:: Records supplied

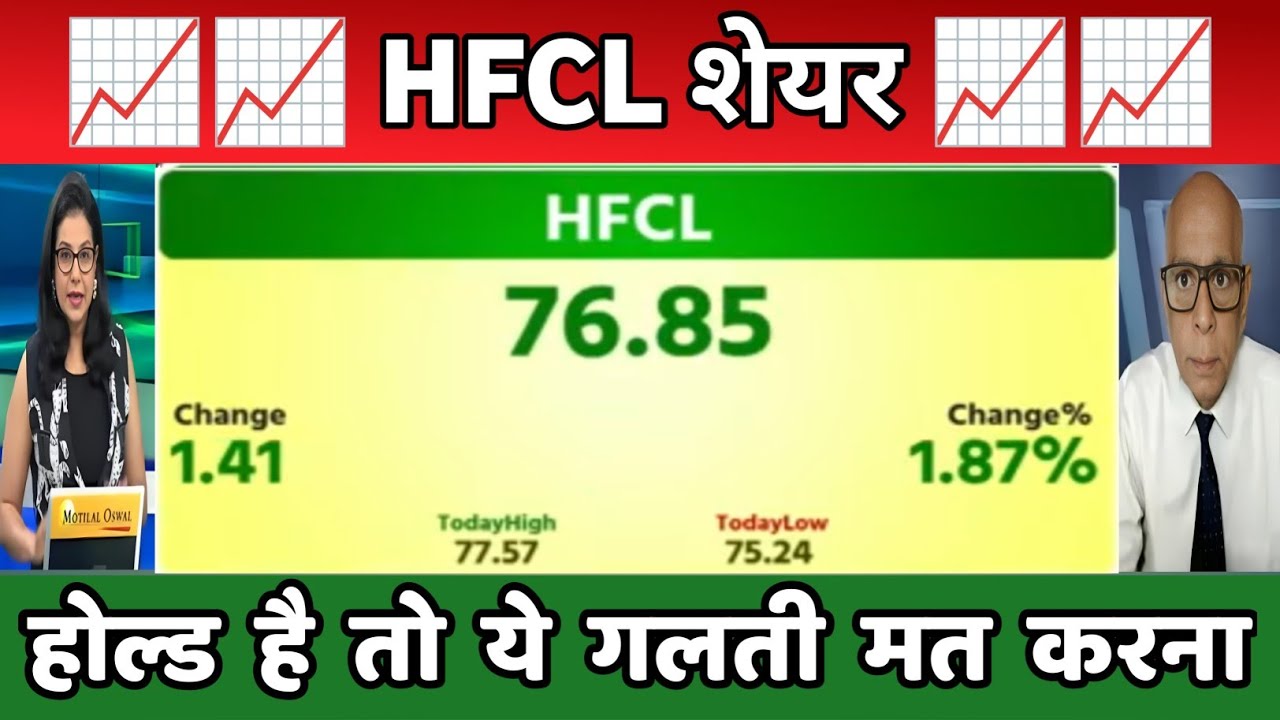 HFCL share news | HFCL share news today  | hfcl share latest news | HFCL share Analysis 30 October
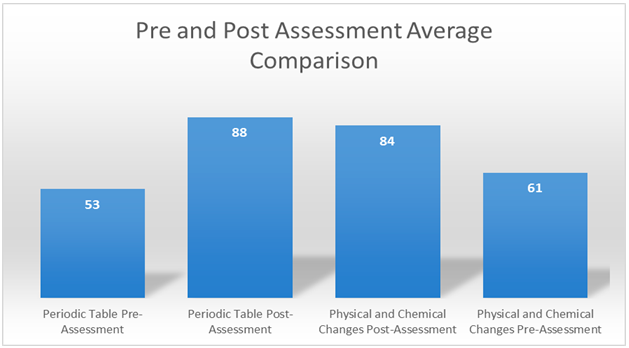 Periodic table pre and post assessments present data for the experiment unit.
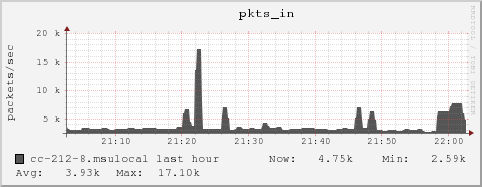 cc-212-8.msulocal pkts_in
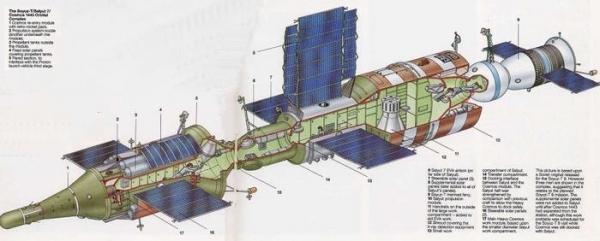 Инженерные проблемы модуля "Наука"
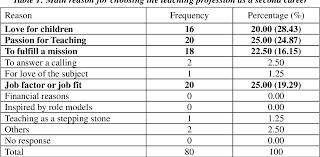 Teaching in retirement retirees looking to take on a new challenge and make a difference in their community often initiate a second career teaching. Pdf Choosing Teaching As A Second Career In Singapore Semantic Scholar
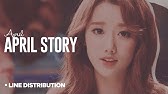 April April Story Lyrics Colour Coded Han Rom Eng Youtube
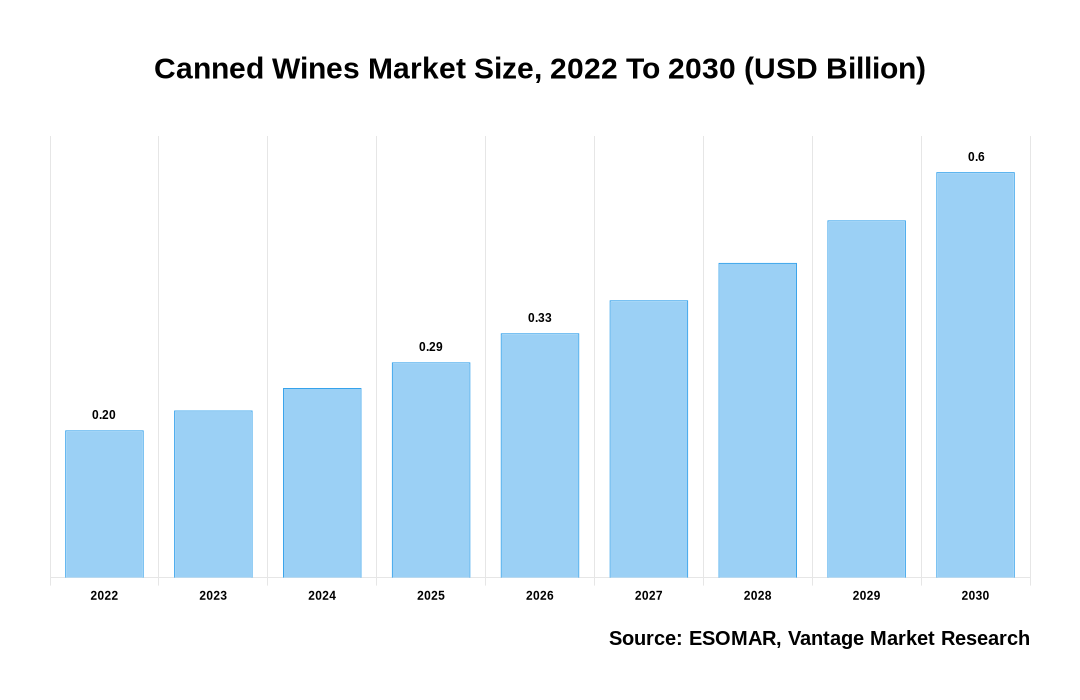 Canned Wines Market Share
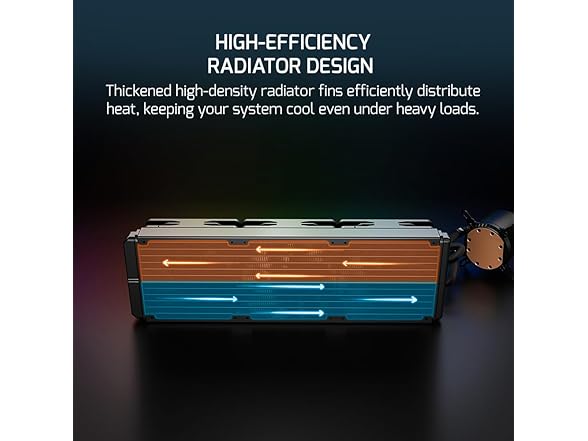 Skadi Infinity 360 AIO CPU Liquid Cooler
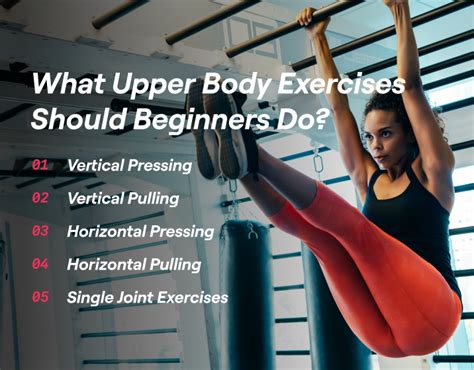What Exercises Should A Beginner Do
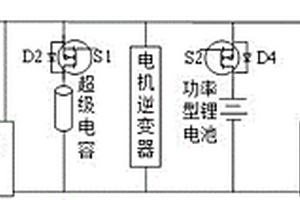 適用于電動汽車的復合電源能量管理系統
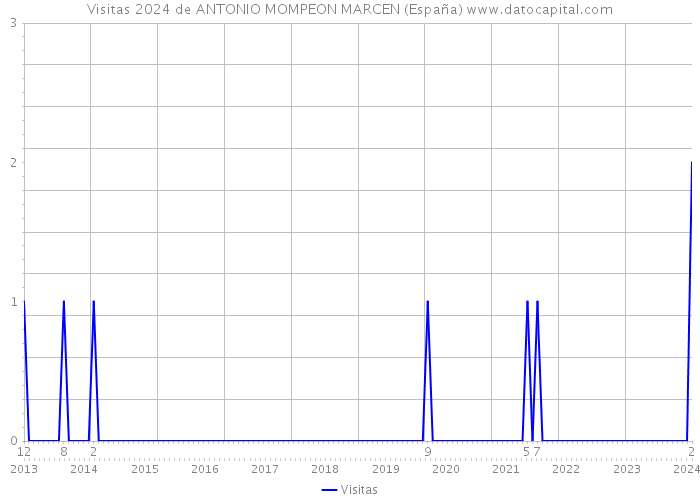 Visitas 2024 de ANTONIO MOMPEON MARCEN (España) 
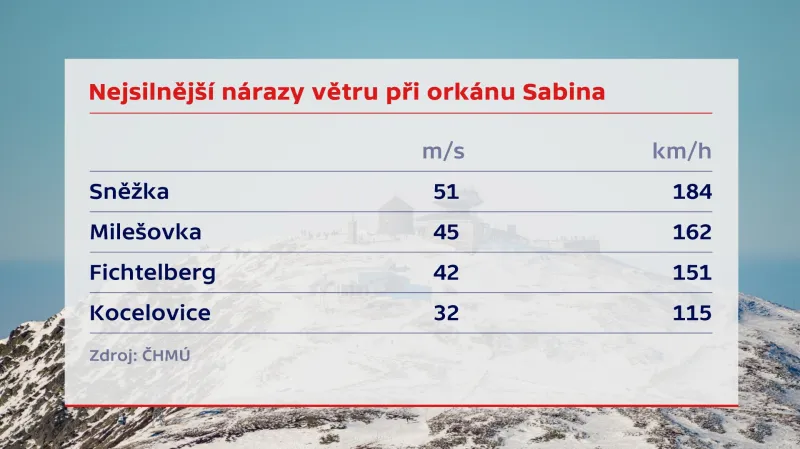 Nárazy větru při bouři Sabina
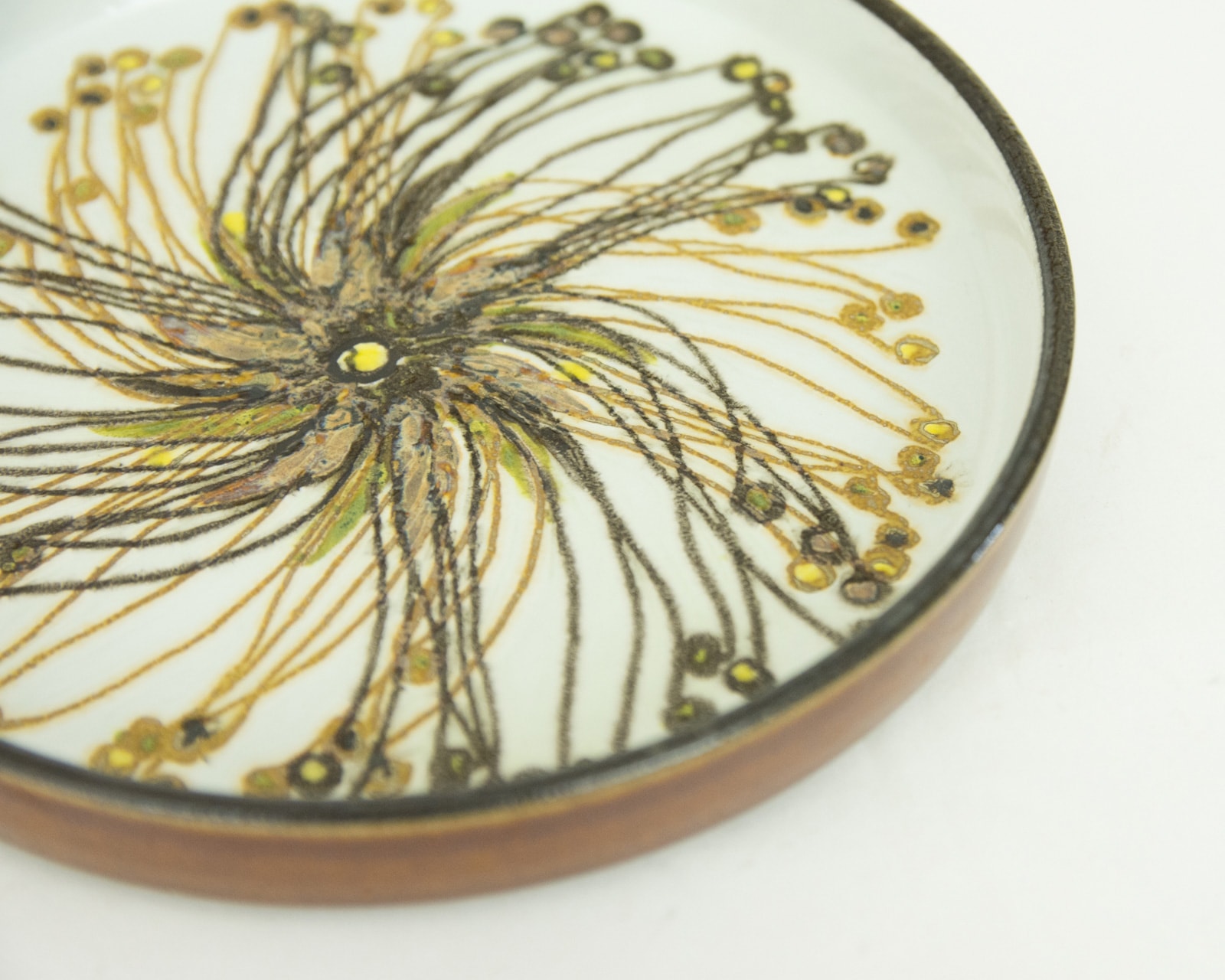 ロイヤルコペンハーゲン バッカ ビンテージプレート 北欧雑貨 通販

::::

(Problem statement) A verbatim copy of the records above, without pictures, is required.

(Result for this exercise)
 HFCL share news | HFCL share news today  | hfcl share latest news | HFCL share Analysis 30 October
 Periodic table pre and post assessments present data for the experiment unit.
 cc-212-8.msulocal pkts_in
 Инженерные проблемы модуля "Наука"
 Teaching in retirement retirees looking to take on a new challenge and make a difference in their community often initiate a second career teaching. Pdf Choosing Teaching As A Second Career In Singapore Semantic Scholar
 April April Story Lyrics Colour Coded Han Rom Eng Youtube
 Canned Wines Market Share
 Skadi Infinity 360 AIO CPU Liquid Cooler
What Exercises Should A Beginner Do
 適用于電動汽車的復合電源能量管理系統
 Visitas 2024 de ANTONIO MOMPEON MARCEN (España) 
 Nárazy větru při bouři Sabina
 ロイヤルコペンハーゲン バッカ ビンテージプレート 北欧雑貨 通販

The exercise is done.